がーん、という音が聞こえてきそうなほどに。
「それに今のままだと、これからもずっと周りから見くびられっぱなしになるぞ? ジュラはそんなの嫌だろ?」
「そ、それは、確かに……」
ジュラーヴリクが、目を泳がせ始める。
「遊びたかったら、どこへ行っても恥ずかしくない服をここで選びなさい」
「……わかったよ」
そして、観念した。
しばらく経って、店員に呼ばれたヤリックが戻ると、ジュラーヴリクが試着室から出てきた所だった。
見た瞬間、おお、と感心した。
白い袖なしのブラウスに、ハイウエストな緑のガウチョパンツ。
それは、がさつだった彼女の印象を、いい意味で大きく変えるものだった。
「な、なあヤリック……これが一番いいんじゃないかって、言われたん、だけどさ……変じゃない、よな……?」
着慣れないからか、ジュラーヴリクは視線を泳がせている。その頬は、傍から見てもわかるほど赤く染まっていた。

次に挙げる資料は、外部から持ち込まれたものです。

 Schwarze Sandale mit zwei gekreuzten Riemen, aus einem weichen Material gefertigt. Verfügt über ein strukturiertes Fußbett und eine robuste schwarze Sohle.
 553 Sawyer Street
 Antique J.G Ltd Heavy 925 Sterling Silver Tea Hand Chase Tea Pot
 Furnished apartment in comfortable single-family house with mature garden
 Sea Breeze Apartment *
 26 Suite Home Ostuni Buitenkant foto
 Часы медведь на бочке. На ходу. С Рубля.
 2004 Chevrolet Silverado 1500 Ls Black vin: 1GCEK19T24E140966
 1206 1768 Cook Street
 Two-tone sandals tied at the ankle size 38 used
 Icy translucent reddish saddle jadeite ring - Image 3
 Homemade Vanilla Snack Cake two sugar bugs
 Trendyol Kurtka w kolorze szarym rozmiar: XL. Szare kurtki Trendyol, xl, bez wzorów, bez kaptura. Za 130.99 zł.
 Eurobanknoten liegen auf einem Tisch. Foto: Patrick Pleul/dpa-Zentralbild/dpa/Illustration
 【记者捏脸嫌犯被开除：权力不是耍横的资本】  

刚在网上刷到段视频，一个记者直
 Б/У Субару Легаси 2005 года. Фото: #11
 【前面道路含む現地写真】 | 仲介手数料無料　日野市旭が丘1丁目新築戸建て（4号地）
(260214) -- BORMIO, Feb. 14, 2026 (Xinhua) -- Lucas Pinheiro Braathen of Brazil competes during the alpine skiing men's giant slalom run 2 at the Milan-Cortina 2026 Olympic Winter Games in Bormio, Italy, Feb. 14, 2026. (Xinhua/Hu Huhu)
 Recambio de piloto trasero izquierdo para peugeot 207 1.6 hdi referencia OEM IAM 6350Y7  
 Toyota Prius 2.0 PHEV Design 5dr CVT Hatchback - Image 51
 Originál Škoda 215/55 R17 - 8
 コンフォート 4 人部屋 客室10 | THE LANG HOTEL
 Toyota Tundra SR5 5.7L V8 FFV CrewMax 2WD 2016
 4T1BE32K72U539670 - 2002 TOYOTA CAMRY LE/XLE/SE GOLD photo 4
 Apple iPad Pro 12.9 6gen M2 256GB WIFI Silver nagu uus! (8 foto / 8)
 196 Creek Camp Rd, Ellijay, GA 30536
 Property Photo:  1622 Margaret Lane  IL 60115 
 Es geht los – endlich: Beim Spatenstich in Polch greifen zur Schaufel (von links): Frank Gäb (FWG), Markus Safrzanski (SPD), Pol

「全然。とても似合ってるじゃないか。いいものを選んでもらったね」
「そ、そうか……?」
「そうだ、後これも試しにつけてみてくれないか」
ヤリックは、さらに自分で持ってきたものを差し出した。
それは、三角形のイヤリングだった。
さすがに服選びを店員任せにするのは気が引けるので、自分でも何か選べるものはないかと探したものだ。
「え? これどうつけるんだよ……?」
困惑するジュラーヴリクにつけ方を教えつつ、イヤリングをつけてもらった。
それから改めて、ヤリックはジュラーヴリクの姿を確かめる。
彼女は、誰も軍に関わっているとは想像できないであろう程、可憐な少女へと変貌していた。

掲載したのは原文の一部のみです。